Si tu savais comment s’est écoulée ma soirée jusqu’à cette heure, tu te rirais peut-être de moi. Mais non, car je ne doute pas que tu ne sois digne d’être aimée ainsi. Pendant que tu penses à tout autre chose à cette soirée, je vais t’écrire, et certainement quelque bonheur que tu puisses trouver là, le mien sera plus grand que le tien.

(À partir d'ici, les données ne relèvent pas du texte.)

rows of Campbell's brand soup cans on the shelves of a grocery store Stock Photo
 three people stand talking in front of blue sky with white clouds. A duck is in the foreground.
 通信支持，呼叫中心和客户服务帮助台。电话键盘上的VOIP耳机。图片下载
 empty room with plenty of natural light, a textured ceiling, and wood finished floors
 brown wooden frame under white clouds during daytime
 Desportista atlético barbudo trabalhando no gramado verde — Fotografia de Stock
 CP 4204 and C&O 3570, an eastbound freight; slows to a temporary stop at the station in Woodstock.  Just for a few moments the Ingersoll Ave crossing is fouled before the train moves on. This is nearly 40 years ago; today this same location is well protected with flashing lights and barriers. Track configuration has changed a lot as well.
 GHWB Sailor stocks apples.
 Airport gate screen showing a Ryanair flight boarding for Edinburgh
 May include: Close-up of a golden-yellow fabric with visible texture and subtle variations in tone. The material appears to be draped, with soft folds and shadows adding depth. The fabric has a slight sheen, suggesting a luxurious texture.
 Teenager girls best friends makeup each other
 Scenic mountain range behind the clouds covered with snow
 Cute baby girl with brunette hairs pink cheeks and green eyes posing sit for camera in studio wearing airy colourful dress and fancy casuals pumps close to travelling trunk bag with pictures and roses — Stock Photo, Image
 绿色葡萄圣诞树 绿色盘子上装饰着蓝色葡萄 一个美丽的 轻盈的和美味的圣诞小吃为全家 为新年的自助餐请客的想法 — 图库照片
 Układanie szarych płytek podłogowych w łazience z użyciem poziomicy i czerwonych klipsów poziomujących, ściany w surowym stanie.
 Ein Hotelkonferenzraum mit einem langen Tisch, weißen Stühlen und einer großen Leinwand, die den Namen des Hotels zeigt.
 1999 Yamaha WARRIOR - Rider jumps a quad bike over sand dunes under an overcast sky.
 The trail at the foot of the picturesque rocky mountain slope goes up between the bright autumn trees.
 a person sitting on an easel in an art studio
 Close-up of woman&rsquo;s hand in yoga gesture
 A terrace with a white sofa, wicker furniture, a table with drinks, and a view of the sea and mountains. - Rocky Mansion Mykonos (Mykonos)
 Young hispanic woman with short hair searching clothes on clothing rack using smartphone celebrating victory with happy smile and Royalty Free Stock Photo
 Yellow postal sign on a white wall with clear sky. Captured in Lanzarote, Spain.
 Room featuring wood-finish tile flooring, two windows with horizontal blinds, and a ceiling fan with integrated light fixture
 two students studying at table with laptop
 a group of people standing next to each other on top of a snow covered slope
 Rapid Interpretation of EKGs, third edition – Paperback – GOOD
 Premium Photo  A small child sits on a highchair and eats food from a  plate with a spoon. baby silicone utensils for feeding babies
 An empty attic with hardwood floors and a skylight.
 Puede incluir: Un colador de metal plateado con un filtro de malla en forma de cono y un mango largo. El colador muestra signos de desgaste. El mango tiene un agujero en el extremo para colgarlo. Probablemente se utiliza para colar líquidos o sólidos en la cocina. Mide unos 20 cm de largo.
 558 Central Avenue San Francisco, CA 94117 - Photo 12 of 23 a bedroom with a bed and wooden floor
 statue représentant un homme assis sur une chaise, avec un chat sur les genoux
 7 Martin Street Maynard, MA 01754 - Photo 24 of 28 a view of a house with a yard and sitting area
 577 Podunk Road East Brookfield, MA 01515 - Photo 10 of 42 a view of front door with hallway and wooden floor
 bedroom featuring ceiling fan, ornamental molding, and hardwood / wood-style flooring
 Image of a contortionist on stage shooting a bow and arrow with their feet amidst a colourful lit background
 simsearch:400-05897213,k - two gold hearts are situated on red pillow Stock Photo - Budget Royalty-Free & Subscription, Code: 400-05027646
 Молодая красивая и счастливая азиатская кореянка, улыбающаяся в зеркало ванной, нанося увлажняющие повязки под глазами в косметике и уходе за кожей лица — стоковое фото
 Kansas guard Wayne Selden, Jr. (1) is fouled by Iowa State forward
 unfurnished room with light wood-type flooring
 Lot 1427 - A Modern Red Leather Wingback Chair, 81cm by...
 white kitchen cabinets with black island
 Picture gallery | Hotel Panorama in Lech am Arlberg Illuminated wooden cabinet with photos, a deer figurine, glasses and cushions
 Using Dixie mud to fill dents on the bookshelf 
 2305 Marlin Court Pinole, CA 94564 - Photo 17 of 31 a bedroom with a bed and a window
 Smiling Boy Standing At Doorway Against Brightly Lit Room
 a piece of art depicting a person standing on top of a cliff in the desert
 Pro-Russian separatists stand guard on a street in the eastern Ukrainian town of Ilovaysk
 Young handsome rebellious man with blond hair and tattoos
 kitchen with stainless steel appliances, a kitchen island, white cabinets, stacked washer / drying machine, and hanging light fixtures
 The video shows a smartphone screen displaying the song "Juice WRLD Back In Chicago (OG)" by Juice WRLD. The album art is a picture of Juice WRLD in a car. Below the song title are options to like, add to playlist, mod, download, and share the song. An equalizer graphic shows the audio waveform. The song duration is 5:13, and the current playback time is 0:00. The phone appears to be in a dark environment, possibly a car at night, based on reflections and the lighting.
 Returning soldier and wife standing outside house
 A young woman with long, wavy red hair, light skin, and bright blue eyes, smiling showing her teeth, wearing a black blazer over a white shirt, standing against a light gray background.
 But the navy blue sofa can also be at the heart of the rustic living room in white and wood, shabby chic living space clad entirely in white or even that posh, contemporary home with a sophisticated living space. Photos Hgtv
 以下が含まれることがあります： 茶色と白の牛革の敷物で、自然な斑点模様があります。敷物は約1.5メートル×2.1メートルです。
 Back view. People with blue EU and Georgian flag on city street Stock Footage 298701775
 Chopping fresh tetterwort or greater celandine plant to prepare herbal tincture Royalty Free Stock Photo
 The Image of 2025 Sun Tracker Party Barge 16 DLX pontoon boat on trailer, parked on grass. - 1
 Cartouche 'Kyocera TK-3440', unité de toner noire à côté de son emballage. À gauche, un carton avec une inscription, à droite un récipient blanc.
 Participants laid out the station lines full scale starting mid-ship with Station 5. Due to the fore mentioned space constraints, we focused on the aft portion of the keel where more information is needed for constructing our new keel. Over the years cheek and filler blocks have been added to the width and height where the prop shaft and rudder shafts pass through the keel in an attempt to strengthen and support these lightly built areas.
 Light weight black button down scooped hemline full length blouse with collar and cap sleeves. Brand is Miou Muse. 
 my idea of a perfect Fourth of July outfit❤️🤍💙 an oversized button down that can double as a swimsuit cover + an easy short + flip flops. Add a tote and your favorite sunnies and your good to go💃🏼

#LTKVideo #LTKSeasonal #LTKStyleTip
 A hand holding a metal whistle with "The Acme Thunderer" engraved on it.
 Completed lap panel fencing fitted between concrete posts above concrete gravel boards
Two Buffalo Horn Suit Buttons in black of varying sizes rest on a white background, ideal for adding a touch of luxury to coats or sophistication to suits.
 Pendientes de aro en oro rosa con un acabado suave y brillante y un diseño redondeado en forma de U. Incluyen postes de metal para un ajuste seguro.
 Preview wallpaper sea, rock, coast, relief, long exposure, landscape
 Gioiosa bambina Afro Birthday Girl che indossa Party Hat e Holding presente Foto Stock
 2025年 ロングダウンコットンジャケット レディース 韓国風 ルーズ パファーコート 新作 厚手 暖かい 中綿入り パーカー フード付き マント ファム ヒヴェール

Je ne te parle pas, Adèle, de cette soirée[1], tu y es allée, il suffit. Sois tranquille, chère amie. Jamais tu n’auras à craindre cette tyrannie dont tu parlais aujourd’hui, jamais, sous prétexte qu’il ne sera pas partagé par moi, je ne te priverai d’un amusement, je ne pourrai même avoir un instant cette pensée, car du jour où tu te seras créé des plaisirs hors de notre bonheur, tout sera fini pour moi, tu ne m’aimeras plus, et à cela qu’aurais-je à dire ? Pour moi, quand je m’abstiens d’un bal ou d’une fête où je ne te trouverais pas, je t’avoue que je n’y ai aucun mérite ; je fais précisément tout le contraire d’un sacrifice. Il me serait insupportable d’aller dans un lieu de joie où celle qui fait ma seule joie ne serait pas, où je n’éprouverais que l’ennui de ton absence ; alors en restant chez moi j’obéis à un égoïsme, qui est tout simplement la conséquence de mon amour pour toi. Aussi, je me garde bien de te parler de si peu de chose, cependant, Adèle, si tu connaissais cette partie extérieure et publique de ma vie dont tu ne peux avoir qu’une idée très imparfaite, peut-être trouverais-tu que je t’immole des jouissances. Mais comme je ne goûte qu’une jouissance au monde, toutes les autres, quelles qu’elles soient, ne sont rien pour moi. Une fois seulement et tout récemment j’ai accepté une invitation de bal et je t’ai dit pour quelles considérations. Néanmoins en l’acceptant, il était de mon devoir de t’en parler. Tu me fis une observation qui était fort juste, c’est que tu n’y serais pas. C’est précisément pour cela que je t’en parlais. Quoique tu n’aies pas toujours jusqu’ici pensé de même, tu daignas me dire qu’il te serait moralement impossible d’aller

  1. « ... Nous sommes invités à aller en soirée d’écarté chez Madame Carlier jeudi… Il m’est fâcheux de voir jouer et que tu n’y sois pas… Je serai malheureuse de ne pas t’avoir près de moi… J’ai fait des observations à maman pour n’y pas aller ; maman m’a répondu qu’elle ordonnait que j’y allasse, qu’elle ne me laisserait pas seule chez nous et qu’il fallait savoir s’ennuyer pour ses parents. » (Reçue le mardi 19 mars 1822.)